No es de extrañar por tanto, que la educación del individuo, la formación de capacidades críticas, la acumulación de conocimientos y el desarrollo de herramientas intelectuales y operativas se convirtiera en la esperanza del ilustrado para el cambio de un mundo que quería dejar atrás esas viejas costumbres y creencias del antiguo régimen. Solo así seríamos capaces, nosotros individuos que formamos las sociedades en último término, de discernir lo verdadero de lo falso. Y así nos dicen que la escolarización y educación universal, la secularización de sus contenidos y una mayor implicación de los poderes públicos en la educación fueron ganando terreno.
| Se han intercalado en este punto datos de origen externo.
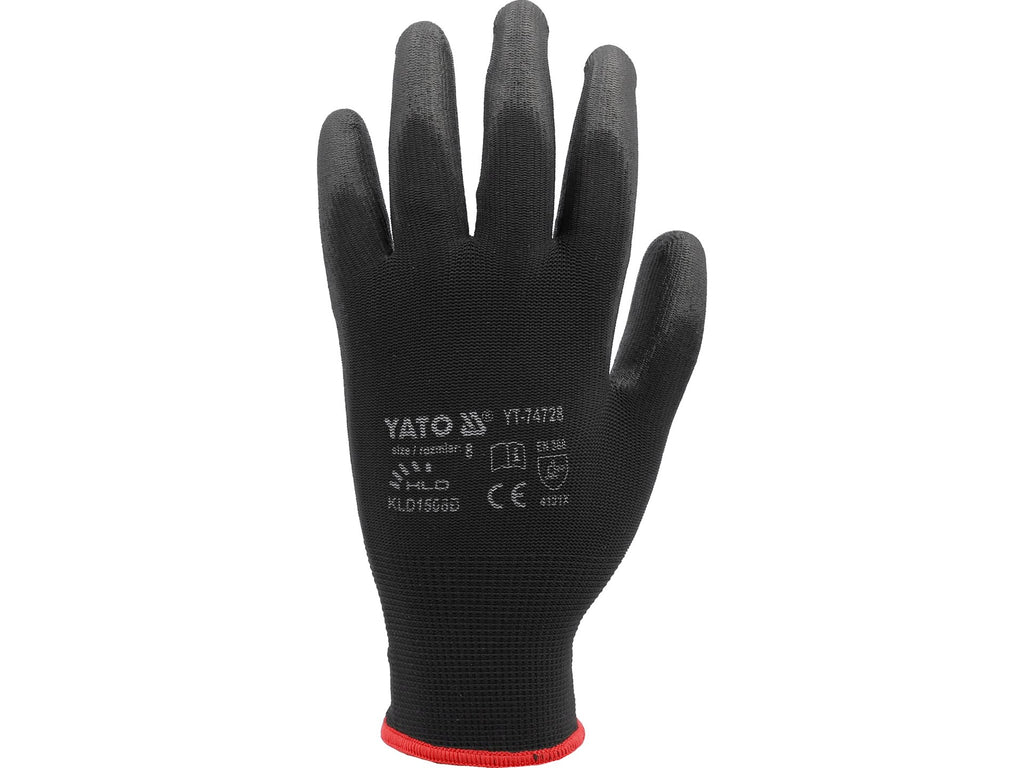 Pu-Gecoate Nylon Beschermhandschoenen Maat 10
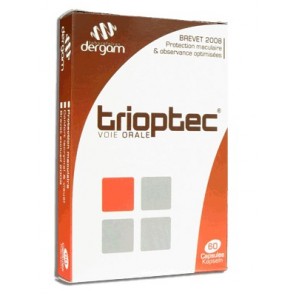 Trioptec caps visée oculaire 60 gélules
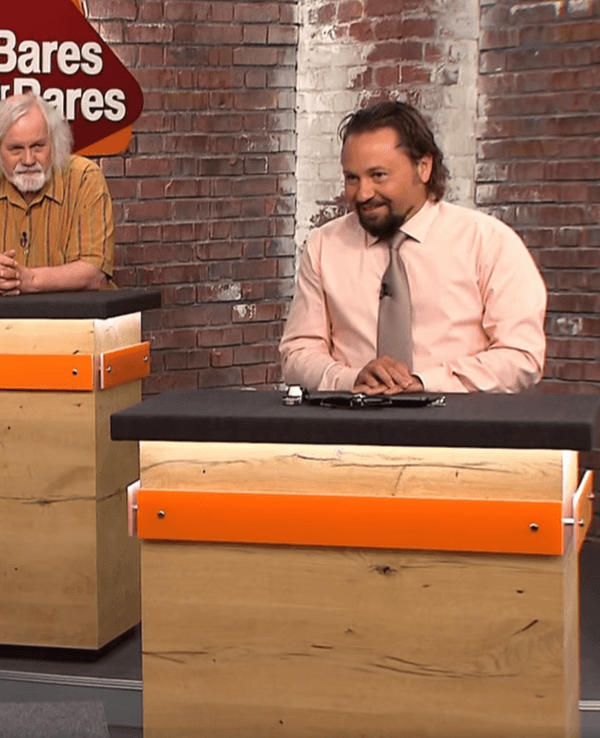 „Bares für Rares“: Ein Screenshot aus der Ausgabe vom 3. Dezember 2021.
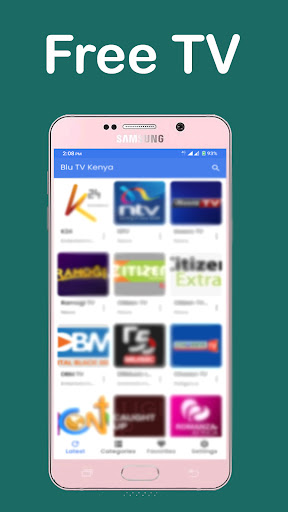 My TV Kenya - Live Channels ekran görüntüsü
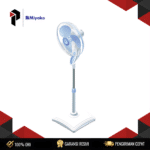 Miyako Stand Fan KAS1637PL (Strong Airflow, Quiet Operation) 45W 16 Inch 3 Speed Oscillation Adjustable Height Garansi Resmi - Image 2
Sin embargo, algo se ha dicho y escrito ya sobre el mito de la ilustración y su "relato" de la conquista del pensamiento y sociedad moderna en base a la razón. Como ese materialista de Marx escribió, esa idea ilustrada de la “libertad, Igualdad y fraternidad” de la Revolución Francesa bien pronto se dio cuenta de la necesidad de convertirse en “infantería, caballería y artillería” cuando, ese general tan moderno e ilustrado llamado Napoléon, quiso exportar la idea fuera de las fronteras francesas. Como neumatología la idea es atractiva, pero atendiendo a la historia, a la hora en que hubo que ir poniéndola en práctica no parece que a la ilustración le bastase como método la simple exposición de sus verdades en base a la razón...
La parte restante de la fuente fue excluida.